* _PROBLEM TO WORK ON_:
From first line to last, print the records exactly, but leave out the pictures.

□ □ □ □

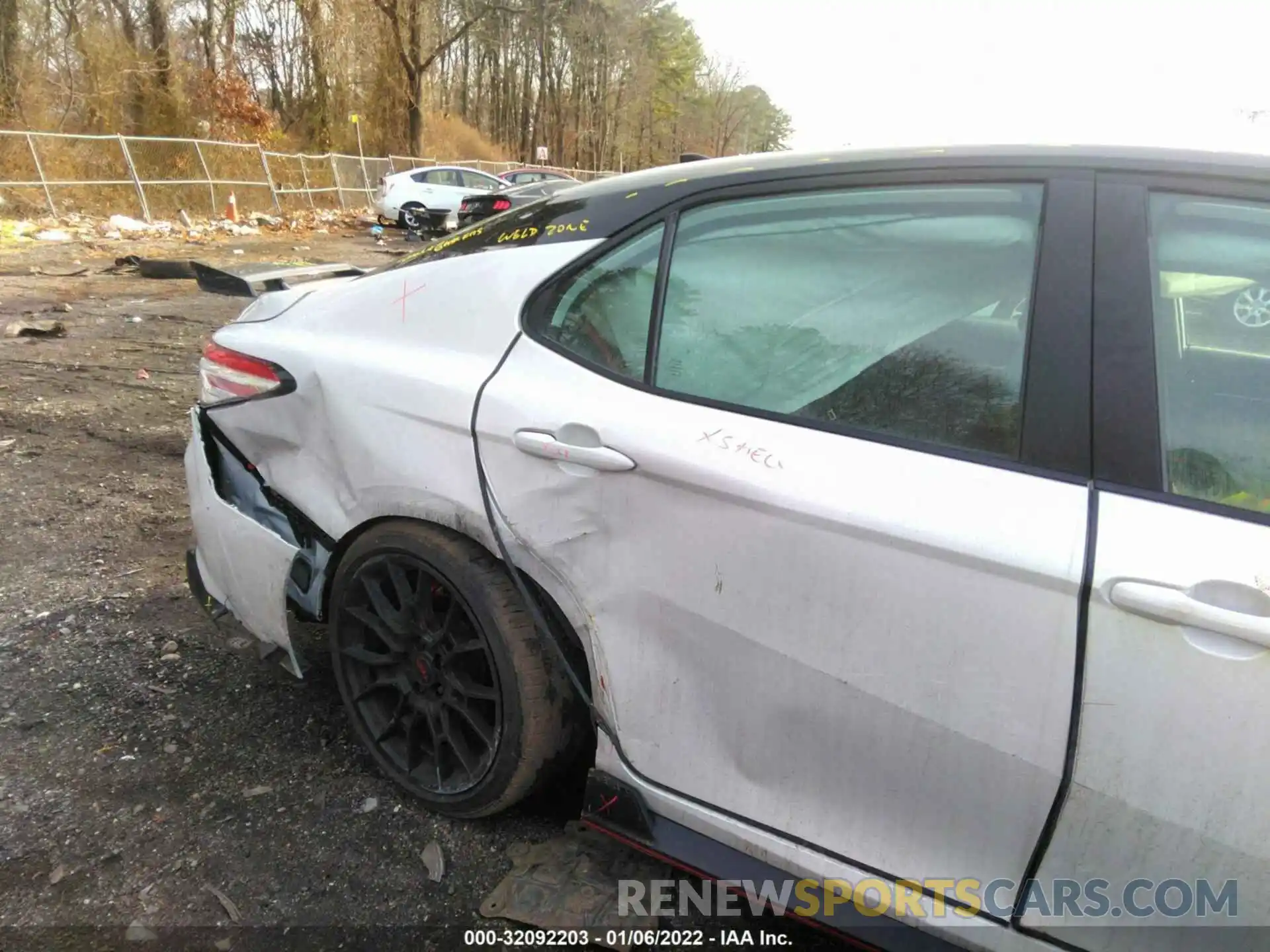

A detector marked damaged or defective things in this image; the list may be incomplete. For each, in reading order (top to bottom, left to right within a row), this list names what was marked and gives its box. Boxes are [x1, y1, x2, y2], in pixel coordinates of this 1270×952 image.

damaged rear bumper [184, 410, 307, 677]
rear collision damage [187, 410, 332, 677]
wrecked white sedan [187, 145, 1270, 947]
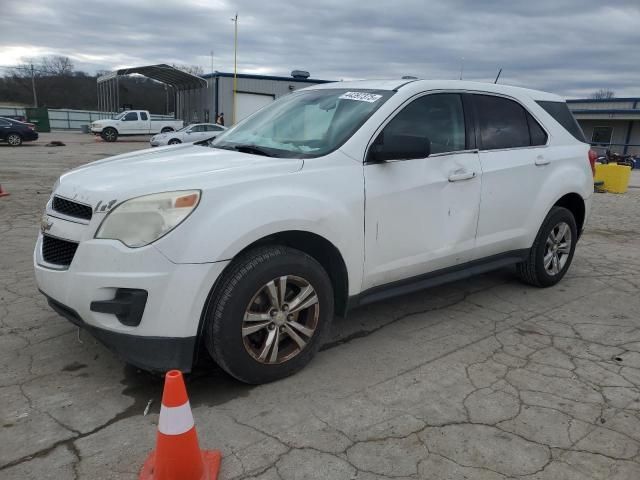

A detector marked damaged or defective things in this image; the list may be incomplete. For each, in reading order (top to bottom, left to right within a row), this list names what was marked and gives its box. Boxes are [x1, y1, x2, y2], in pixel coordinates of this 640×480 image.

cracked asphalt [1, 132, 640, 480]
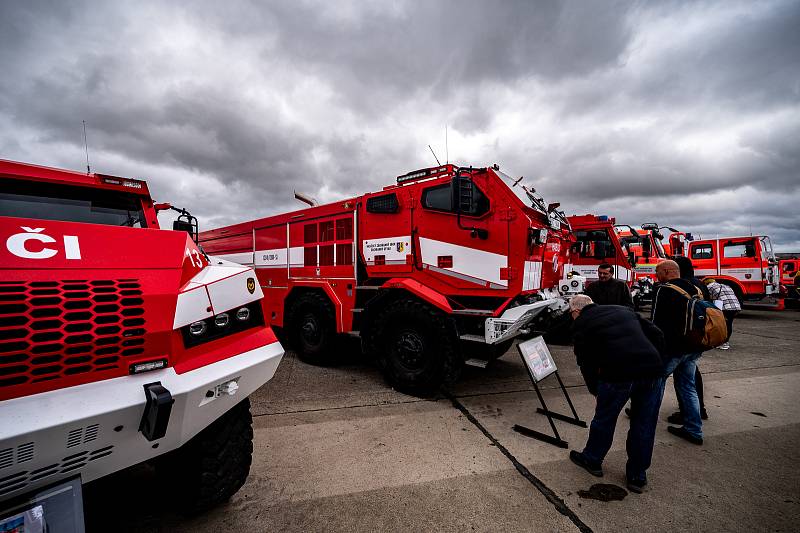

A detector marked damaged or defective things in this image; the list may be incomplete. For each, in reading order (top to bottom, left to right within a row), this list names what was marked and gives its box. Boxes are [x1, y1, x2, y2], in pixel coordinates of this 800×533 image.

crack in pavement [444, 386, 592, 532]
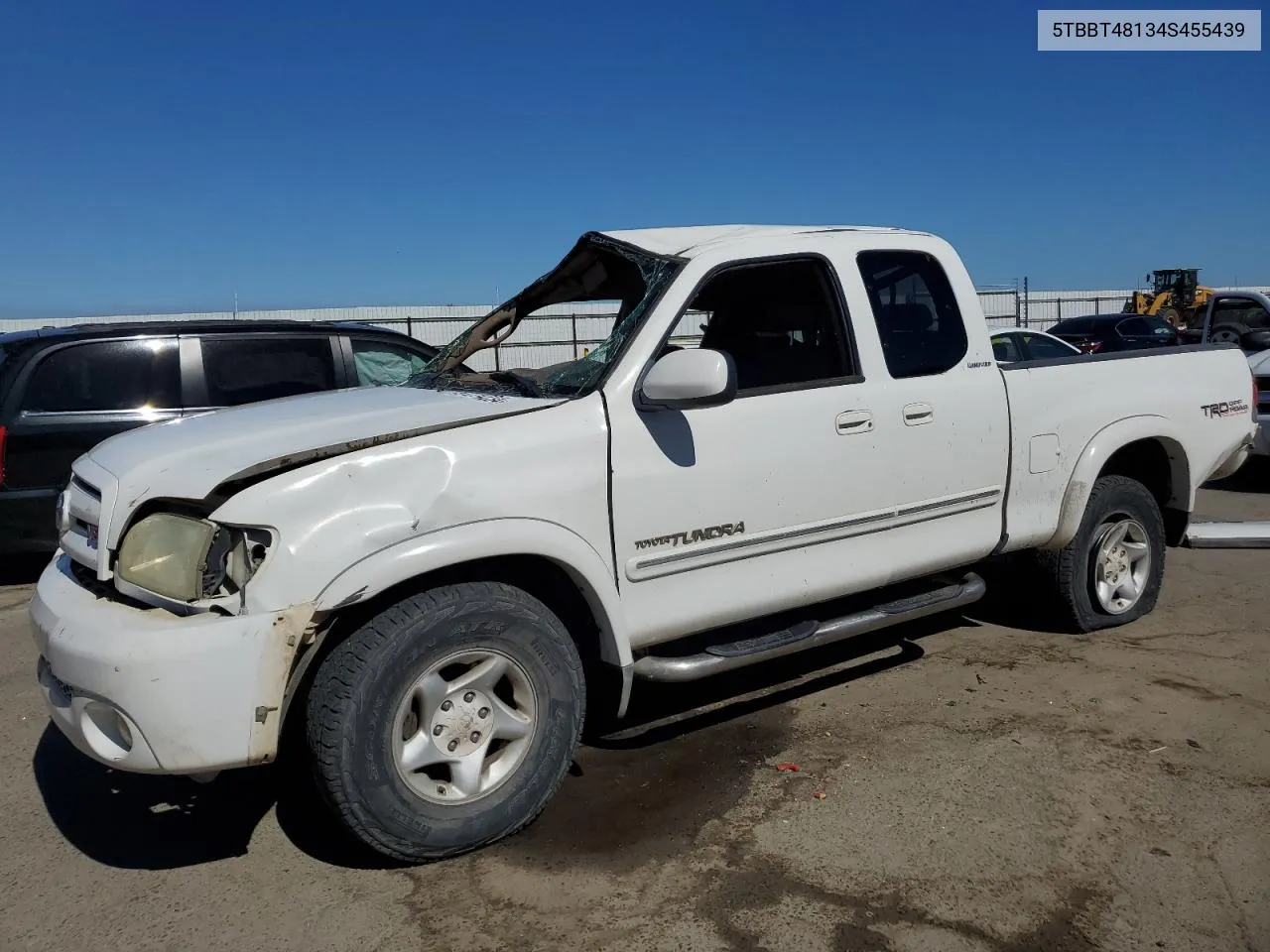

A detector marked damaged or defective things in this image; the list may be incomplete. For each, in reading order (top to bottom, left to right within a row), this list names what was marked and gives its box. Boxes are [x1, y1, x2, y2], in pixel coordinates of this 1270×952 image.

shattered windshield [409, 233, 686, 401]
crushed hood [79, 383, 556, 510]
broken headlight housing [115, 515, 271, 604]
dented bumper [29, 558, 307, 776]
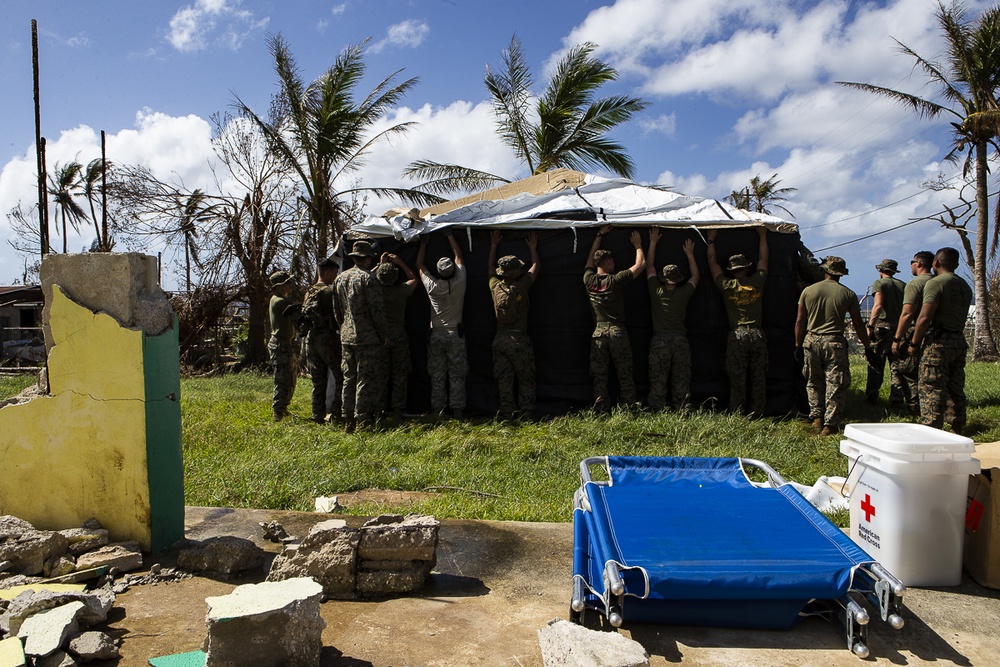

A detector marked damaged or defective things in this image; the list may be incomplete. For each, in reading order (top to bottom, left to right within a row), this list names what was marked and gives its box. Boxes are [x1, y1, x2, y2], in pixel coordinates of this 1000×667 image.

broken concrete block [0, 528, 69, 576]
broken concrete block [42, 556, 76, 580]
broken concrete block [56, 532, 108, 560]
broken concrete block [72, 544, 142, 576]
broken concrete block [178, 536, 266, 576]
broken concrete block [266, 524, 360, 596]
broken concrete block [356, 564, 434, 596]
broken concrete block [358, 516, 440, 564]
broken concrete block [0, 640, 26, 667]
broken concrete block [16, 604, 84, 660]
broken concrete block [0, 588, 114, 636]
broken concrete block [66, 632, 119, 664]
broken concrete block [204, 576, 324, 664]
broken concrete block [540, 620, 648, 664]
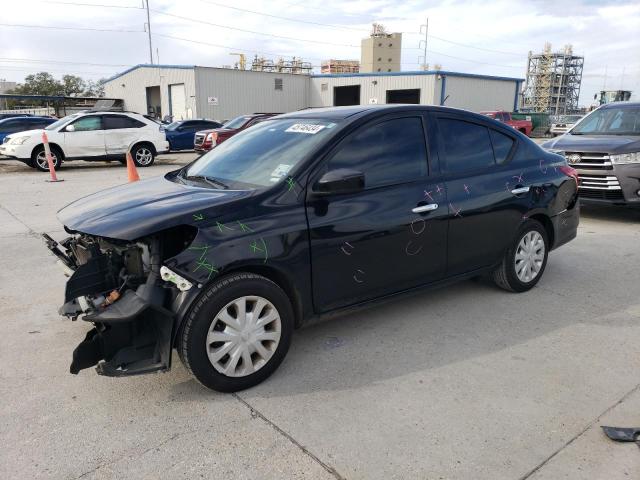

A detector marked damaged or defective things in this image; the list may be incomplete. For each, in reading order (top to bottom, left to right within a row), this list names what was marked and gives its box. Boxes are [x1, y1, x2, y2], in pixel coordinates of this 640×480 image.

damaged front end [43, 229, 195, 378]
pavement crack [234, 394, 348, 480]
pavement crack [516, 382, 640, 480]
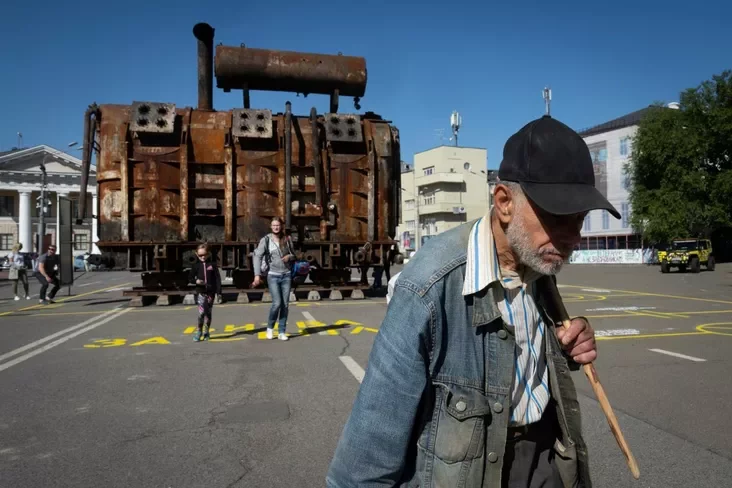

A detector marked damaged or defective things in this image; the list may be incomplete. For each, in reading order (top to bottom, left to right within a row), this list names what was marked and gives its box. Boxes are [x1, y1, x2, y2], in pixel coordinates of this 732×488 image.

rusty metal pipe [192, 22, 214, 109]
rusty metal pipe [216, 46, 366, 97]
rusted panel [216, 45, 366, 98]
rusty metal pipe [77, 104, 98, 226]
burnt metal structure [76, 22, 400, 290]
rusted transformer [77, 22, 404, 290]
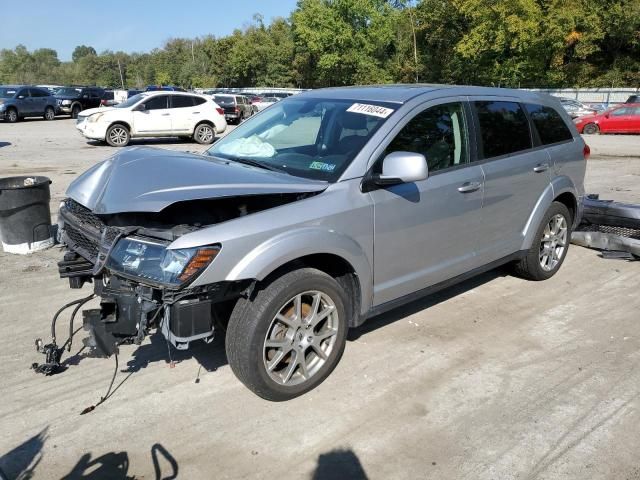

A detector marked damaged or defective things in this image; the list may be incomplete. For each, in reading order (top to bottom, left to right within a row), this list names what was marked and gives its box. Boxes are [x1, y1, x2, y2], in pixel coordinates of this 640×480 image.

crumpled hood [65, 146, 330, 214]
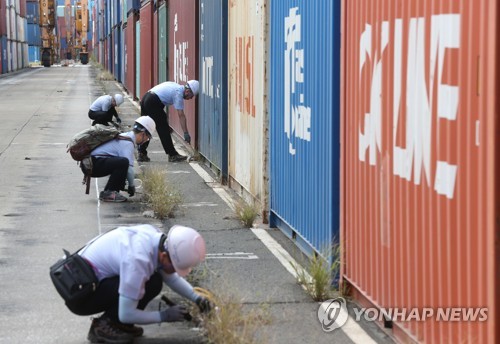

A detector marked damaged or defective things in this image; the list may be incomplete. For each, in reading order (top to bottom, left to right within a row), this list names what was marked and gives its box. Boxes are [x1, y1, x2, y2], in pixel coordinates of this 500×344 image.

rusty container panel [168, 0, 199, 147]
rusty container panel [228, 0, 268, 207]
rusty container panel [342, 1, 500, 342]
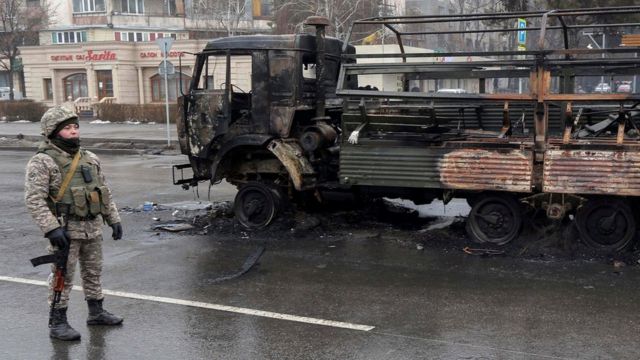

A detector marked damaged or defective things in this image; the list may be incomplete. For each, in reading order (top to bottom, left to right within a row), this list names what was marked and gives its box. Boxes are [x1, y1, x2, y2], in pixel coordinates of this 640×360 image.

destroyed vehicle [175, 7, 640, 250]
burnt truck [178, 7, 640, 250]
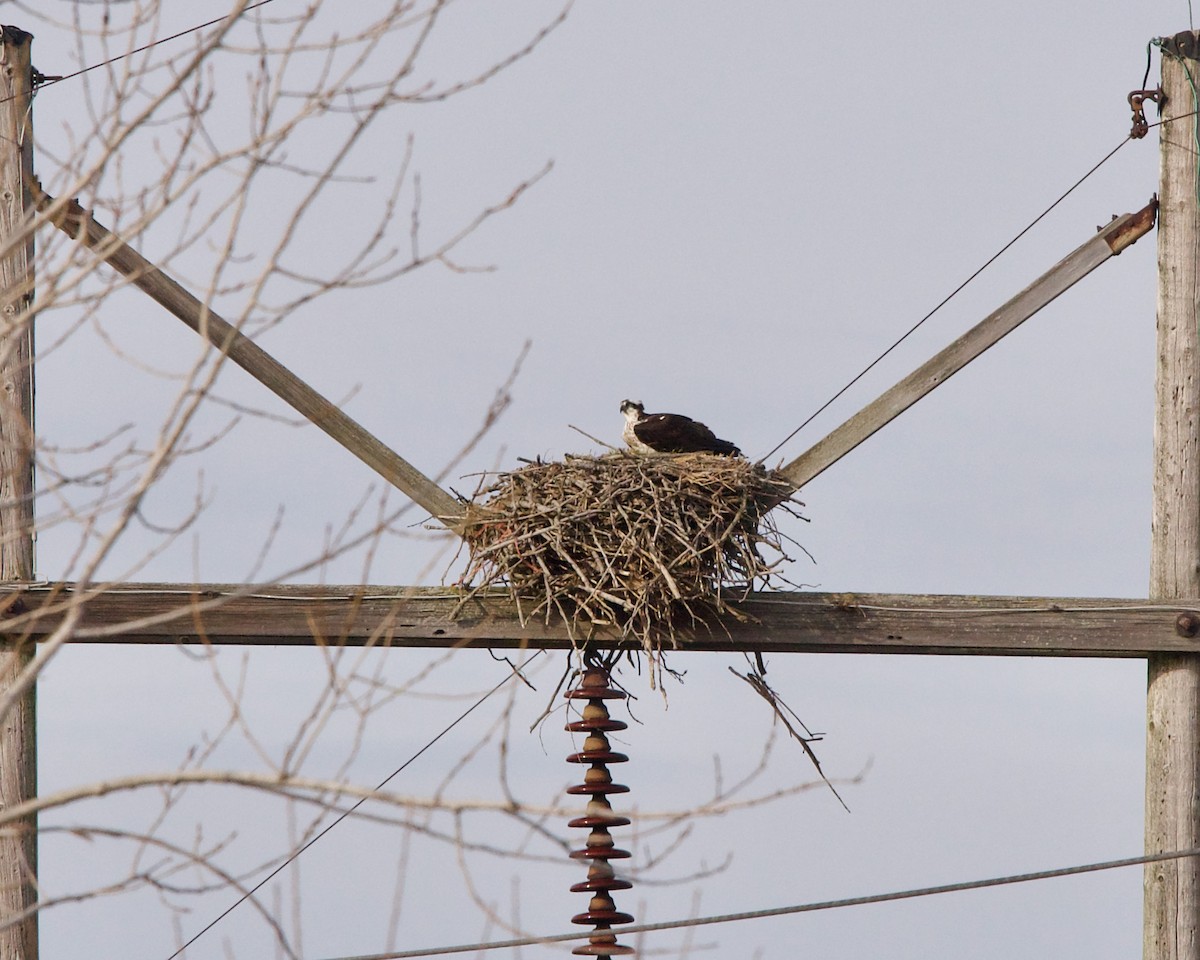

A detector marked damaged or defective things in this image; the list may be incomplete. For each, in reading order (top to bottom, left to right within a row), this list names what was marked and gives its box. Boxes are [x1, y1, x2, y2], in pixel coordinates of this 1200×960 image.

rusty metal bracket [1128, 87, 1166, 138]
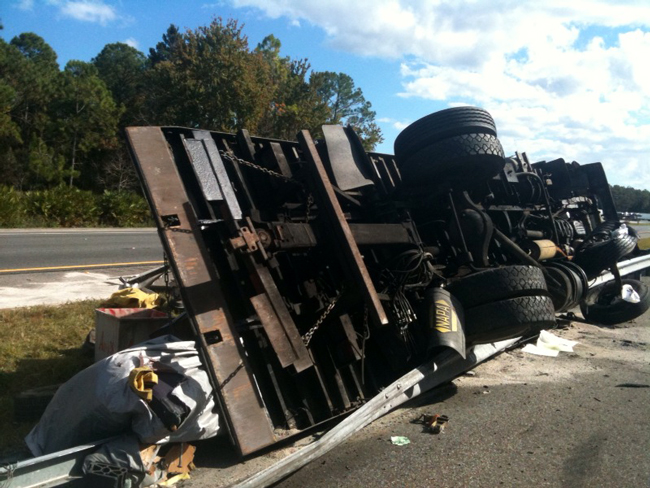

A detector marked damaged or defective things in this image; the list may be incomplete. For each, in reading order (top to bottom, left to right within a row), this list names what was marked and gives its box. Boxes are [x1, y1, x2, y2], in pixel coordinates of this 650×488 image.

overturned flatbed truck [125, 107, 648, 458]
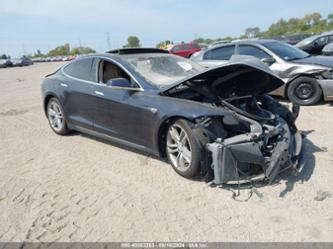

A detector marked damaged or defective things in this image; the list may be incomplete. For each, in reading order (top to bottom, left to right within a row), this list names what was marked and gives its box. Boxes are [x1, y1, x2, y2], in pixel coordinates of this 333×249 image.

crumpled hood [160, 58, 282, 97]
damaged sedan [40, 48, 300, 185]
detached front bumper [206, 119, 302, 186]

□ □ □ □

* _RESPONSE BELOW_:
A detector marked damaged or defective things in this image; the list may be incomplete. For each, in reading order (top to bottom, left to right within a row), this list names what was marked and gives its box. Boxes are [x1, y1, x2, y2], in pixel coordinates of this 1270×952 image.

damaged rear bumper [184, 410, 307, 677]
rear collision damage [187, 410, 332, 677]
wrecked white sedan [187, 145, 1270, 947]

A detector marked damaged or defective things in this image; the list may be incomplete. For each, in reading order (top to bottom, left to right within a row), this list names what was marked and gives its box. Boxes are [x1, y1, x2, y2], in pixel coordinates of this 640×480 image.

cracked asphalt [1, 132, 640, 480]

A detector marked damaged or defective things in this image; the list may be incomplete. For each, in reading order (top to bottom, left to right within a row), this list names what was marked and gives its box. Boxes are [x1, y1, x2, y2], in pixel coordinates of this 800×533 image.

crack in pavement [444, 386, 592, 532]

A detector marked damaged or defective things in this image; the list may be incomplete. For each, in reading order (top to bottom, left to right within a row), this list names what was marked and gives its box. Boxes are [x1, y1, x2, y2], in pixel coordinates of this 1270×952 image.

shattered windshield [409, 233, 686, 401]
crushed hood [79, 383, 556, 510]
broken headlight housing [115, 515, 271, 604]
dented bumper [29, 558, 307, 776]

A detector marked damaged or defective things in this image; the list may be incomplete. For each, in reading order (top to bottom, left to right within a row), this list names what was marked and gives its box. Boxes are [x1, y1, x2, y2], in pixel coordinates of this 1000×667 image.

broken concrete block [0, 528, 69, 576]
broken concrete block [42, 556, 76, 580]
broken concrete block [56, 532, 108, 560]
broken concrete block [72, 544, 142, 576]
broken concrete block [178, 536, 266, 576]
broken concrete block [266, 524, 360, 596]
broken concrete block [356, 564, 434, 596]
broken concrete block [358, 516, 440, 564]
broken concrete block [0, 640, 26, 667]
broken concrete block [16, 604, 84, 660]
broken concrete block [0, 588, 114, 636]
broken concrete block [66, 632, 119, 664]
broken concrete block [204, 576, 324, 664]
broken concrete block [540, 620, 648, 664]

A detector marked damaged or defective things in this image; the list may be incomplete. For each, in reading order (top to bottom, left to right within a row), this list names what was marked and gives its box. Boxes are [x1, y1, x2, y2], in pixel coordinates of this 640×480 image.

damaged front end [43, 229, 195, 378]
pavement crack [234, 394, 348, 480]
pavement crack [516, 382, 640, 480]

A detector marked damaged or defective things in this image; the list may be incomplete. For each, in reading order (top to bottom, left to right within a row), this list names what was marked and gives its box. Boxes are [x1, y1, x2, y2], in pixel coordinates of this 732×488 image.

rusty metal pipe [192, 22, 214, 109]
rusty metal pipe [216, 46, 366, 97]
rusted panel [216, 45, 366, 98]
rusty metal pipe [77, 104, 98, 226]
burnt metal structure [76, 22, 400, 290]
rusted transformer [77, 22, 404, 290]

A detector marked damaged or defective things in this image; the list may be incomplete. For each, in reading order (top to bottom, left to right within a row), this list names what was marked and gives its box. Boxes are [x1, y1, x2, y2], in pixel coordinates of this 640×480 image.

crumpled hood [65, 146, 330, 214]

A detector marked damaged or defective things in this image; the list may be incomplete. For each, in reading order (top to bottom, left to right within a row), this list names what was marked and gives its box. Boxes are [x1, y1, x2, y2], in pixel coordinates of this 500×344 image.

rusty container panel [168, 0, 199, 147]
rusty container panel [228, 0, 268, 207]
rusty container panel [342, 1, 500, 342]

A detector marked damaged or defective things in this image; the list may be incomplete. For each, in reading order (top to bottom, left to right within a row), this list names what was marked and gives its box. Boxes are [x1, y1, x2, y2], in pixel coordinates of this 640×360 image.

destroyed vehicle [175, 7, 640, 250]
burnt truck [178, 7, 640, 250]

A detector marked damaged or defective things in this image; the list may be incomplete. For each, in reading order (top to bottom, left to right within a row), this list names what was marked and gives its box. Boxes are [x1, y1, x2, y2], in pixel coordinates of this 1200×960 image.

rusty metal bracket [1128, 87, 1166, 138]

A detector marked damaged or defective things in this image; the list may be incomplete. For each, in reading order (top to bottom, left to right within a row), this list names what was marked and gives its box. Boxes are [x1, y1, x2, y2], in pixel coordinates of this 650×488 image.

overturned flatbed truck [125, 107, 648, 458]

A detector marked damaged or defective things in this image; the list may be incomplete. For each, in reading order (top to bottom, left to right within a row), this list names what was marked and gives its box. Boxes are [x1, y1, x2, y2], in pixel coordinates of this 333×249 image.

crumpled hood [160, 58, 282, 97]
damaged sedan [40, 48, 300, 185]
detached front bumper [206, 119, 302, 186]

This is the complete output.